A new stitch does the trick! I’ve redone these using a couch stitch, which reduces the resistance significantly.

 

 

 

Week 7 – Anna

Midterm

I created a coaster that uses an existing interaction (putting a glass on a coaster) to close a circuit and complete the lamp. My original hope was that when different glasses/drinks were placed on the coaster, different colors and shapes of light would be  illuminated– a modular lamp of sorts.

The circuit works as hoped: the lights shine when (and only when) a glass is on the coaster. But if I were to do it again, I’d use brighter lights and/or a more transparent surface for the lights to shine through. As is, it’s a little dim.

Instructables link: https://www.instructables.com/id/LED-Coaster

ATtiny

Week 6 – Anna Garbier

Part 1: Control an LED using a soft sensor and Arduino.


Part 2: Build a circuit with one constructed sensor (variable resistor), your Arduino, and 3 (or more) LEDs or an RGB LED.

Watch in action here; still images below.

 (the setup)

 (full glass on sensor triggers all three LEDs)

 (playing with light, water, and glass)

Summary: Arduino reads the analog input from a constructed pressure sensor, controlled for example by pouring water into a jar over the sensor pad. Based on the input, the Arduino controls three LEDs: the more pressure, the more lights turn on.

Pressure sensor materials: Velostat, conductive tape, cork, LEDs.

Code: https://github.com/annagarbier/annagarbier.github.io/blob/master/work/courses/2018/fall/computational_craft/resources/code/assignment_6.ino

Code snippet:

```
// This function determines the LED pins' output (HIGH or LOW)
// based on the sensor pin's input (held in the variable "average").
void displayLights() {
if (average > 200) {
digitalWrite(ledA, HIGH);
digitalWrite(ledB, HIGH);
digitalWrite(ledC, HIGH);
} else if (average > 150) {
digitalWrite(ledA, HIGH);
digitalWrite(ledB, HIGH);
digitalWrite(ledC, LOW);
} else if (average > 100) {
digitalWrite(ledA, HIGH);
digitalWrite(ledB, LOW);
digitalWrite(ledC, LOW);
} else {
digitalWrite(ledA, LOW);
digitalWrite(ledB, LOW);
digitalWrite(ledC, LOW);
}
}
```

Part 3: Document midterm ideas.

I’d like to create transparent modular blocks, each containing a piece of a circuit: e.g. one might contain a 3v battery, another a resistor, another an LED, and others just connecting components.
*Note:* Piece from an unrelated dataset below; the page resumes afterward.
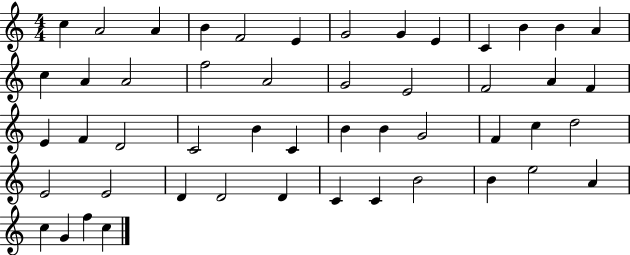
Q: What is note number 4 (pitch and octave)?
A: B4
A user would be able to play with the blocks by connecting them in 3d space; complete a circuit with the blocks, and the blocks with the LED shines.
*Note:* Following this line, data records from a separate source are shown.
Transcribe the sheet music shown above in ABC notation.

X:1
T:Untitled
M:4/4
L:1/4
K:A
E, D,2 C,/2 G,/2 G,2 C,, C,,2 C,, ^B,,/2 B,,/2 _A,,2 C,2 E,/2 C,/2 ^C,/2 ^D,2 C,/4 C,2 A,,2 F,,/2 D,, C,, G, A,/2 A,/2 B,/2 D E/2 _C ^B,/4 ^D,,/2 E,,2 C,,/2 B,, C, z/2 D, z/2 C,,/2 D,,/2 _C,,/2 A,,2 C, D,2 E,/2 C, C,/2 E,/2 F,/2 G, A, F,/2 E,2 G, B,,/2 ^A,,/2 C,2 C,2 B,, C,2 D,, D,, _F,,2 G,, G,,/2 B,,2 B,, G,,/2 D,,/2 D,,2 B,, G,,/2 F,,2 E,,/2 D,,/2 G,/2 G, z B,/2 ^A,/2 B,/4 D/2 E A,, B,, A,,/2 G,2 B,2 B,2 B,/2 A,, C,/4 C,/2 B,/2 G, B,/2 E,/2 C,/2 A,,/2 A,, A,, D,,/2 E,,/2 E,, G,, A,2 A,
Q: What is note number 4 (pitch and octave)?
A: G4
The intention is to build something simple, playful, and educational.

 (early ideation on paper)

 (prototyping)

Week 5 – Anna Garbier

 

Node materials: two layers of cork with conductive fabric tape between, superglue, LED (node 1); soft plastic held together with push pins, visible conductive fabric tape circuits, removable cell battery (node 2)

Connector features: pin to gator clip (connector 1), plastic clip with conductive tape to plastic clip with conductive tape (connector 2), clip and plastic clip with conductive tape to paper clip (connector 3)
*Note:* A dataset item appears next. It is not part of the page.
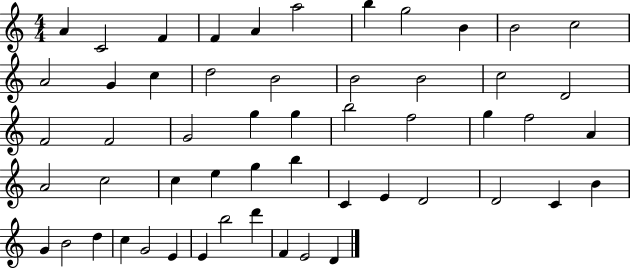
A4/q C4/h F4/q F4/q A4/q A5/h B5/q G5/h B4/q B4/h C5/h A4/h G4/q C5/q D5/h B4/h B4/h B4/h C5/h D4/h F4/h F4/h G4/h G5/q G5/q B5/h F5/h G5/q F5/h A4/q A4/h C5/h C5/q E5/q G5/q B5/q C4/q E4/q D4/h D4/h C4/q B4/q G4/q B4/h D5/q C5/q G4/h E4/q E4/q B5/h D6/q F4/q E4/h D4/q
Design considerations: Short and long tape signify negative and positive ends when connecting to the LED node; these connecting points can be clipped onto or pushed into. Black and red pins help show positive and negative side of cell battery at a glance.

Week 3,4 – Anna

Oh snap! These four swatches use copper thread with a snap switch. When the circuit is closed, the mini LED shines.

** Swatches **

** Swatch materials and process **

** Learn a new craft **

Last week, I did hand sewing for the first time through my swatch-making. I also took a silkscreen printmaking class, and am looking forward to playing with printmaking and conductive ink in a future project this semester.

Week 2 – Anna Garbier

Crafting a Path, inspired by the last stanza of Osso Buco by Billy Collins:

In a while, one of us will go up to bed
and the other will follow.
Then we will slip below the surface of the night
into miles of water, drifting down and down
to the dark, soundless bottom
until the weight of dreams pulls us lower still,
below the shale and layered rock,
beneath the strata of hunger and pleasure,
into the broken bones of the earth itself,
into the marrow of the only place we know.